According to Capitani and Laiacona [20], the ES calculation (using the z-score method) also produces the same interval on the z-axis. Therefore, a simple and similar method for defining ES1-ES3 based on the direct subdivision of the dependent variable was tested. The results show that the two procedures overlapped perfectly when the data had a normal distribution. When the data are non-parametric, the similarity between these two methods depends only on the shape of the distribution. In simulation A, an approximate result was obtained, but the results were different in simulation B. For those unfamiliar with statistics, the cutoff definition based on the direct subdivision of the dependent variable is the simplest method. Furthermore, to avoid the calculation of rank ES cutoffs, we provide a simple table that reports all rank observations points.

One of the advantages of using ES is its intrinsic ease of interpretation and the fact that it is used in a wide range of neuropsychological tests. Using this approach, a full neuropsychological evaluation may be scored with a single scoring system and test results may be compared easily to identify specific deficits. However, the ES method presents some limitations. The few steps of ES have the disadvantage of including an extensive range of accurate scores. Consequently, it is difficult to appreciate small differences in the case of the evaluation of rehabilitation. Secondly, we are aware that the more critical point for defining a pathological score is the OTL and the correspondent ES0. The intermediate ESs are aleatory, even more so with the procedure listed in this study. The two approaches for calculating ESs (i.e. z-score and rank) will need to be detailed in future normative data studies.

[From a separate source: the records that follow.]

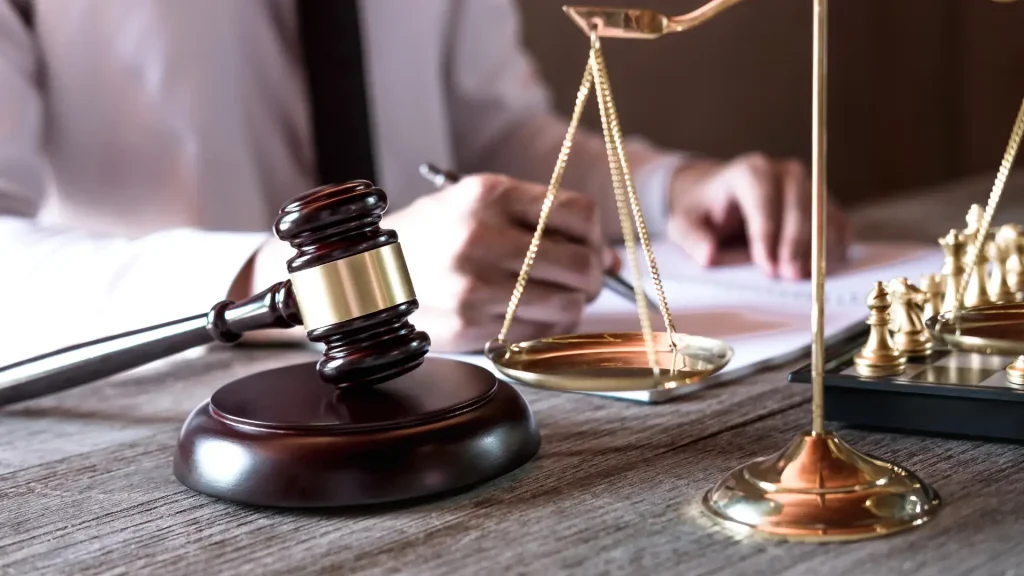 Gavel, scales of justice, and a person writing on documents.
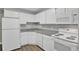 Efficient kitchen with sleek white appliances and granite countertops at 195 S Sable Blvd # U12, Aurora, CO 80012
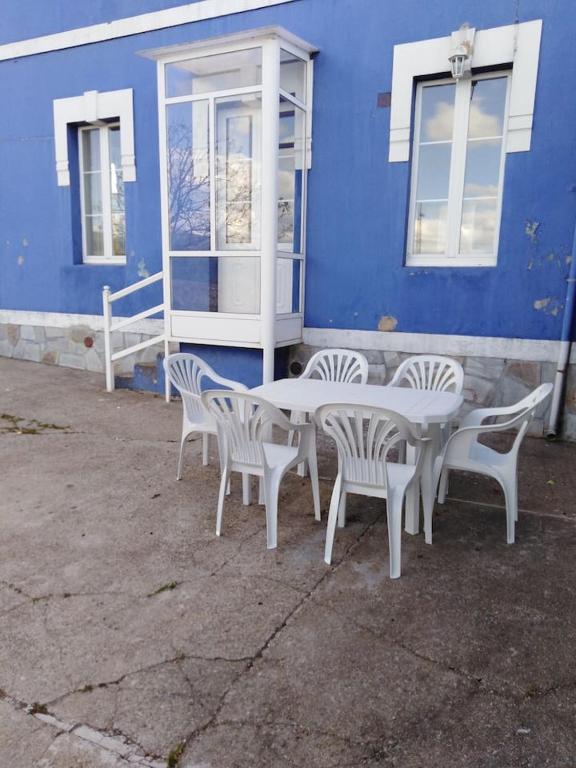 a table and chairs in front of a blue building at La Clinica in Ballota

Whether a test has a double scoring system: percentiles and ES, there is the possibility of choosing one over the other according to the situation at hand. For example, a clinician could use ES for reporting a clinical evaluation of a patient, but the same clinician could use percentile for rehabilitation evaluation [6]. In the case of bilateral scoring, i.e. lateralized scores, such as those used for spatial neglect evaluation, ES scoring could not be applied. In these cases, the 95% TL with 95% CI remain valid (OTL and ITL), but they need to be calculated on two sides, obtaining only two cutoffs (i.e. left and right) without using ES scoring [11, 23,24,25].

In summary, subdividing intermediate ESs using the here so-called rank-subdivision of the distribution of the scores can improve the scoring of neuropsychological tests. Thus, future research aiming at scoring normative data should consider the best procedures at the very least.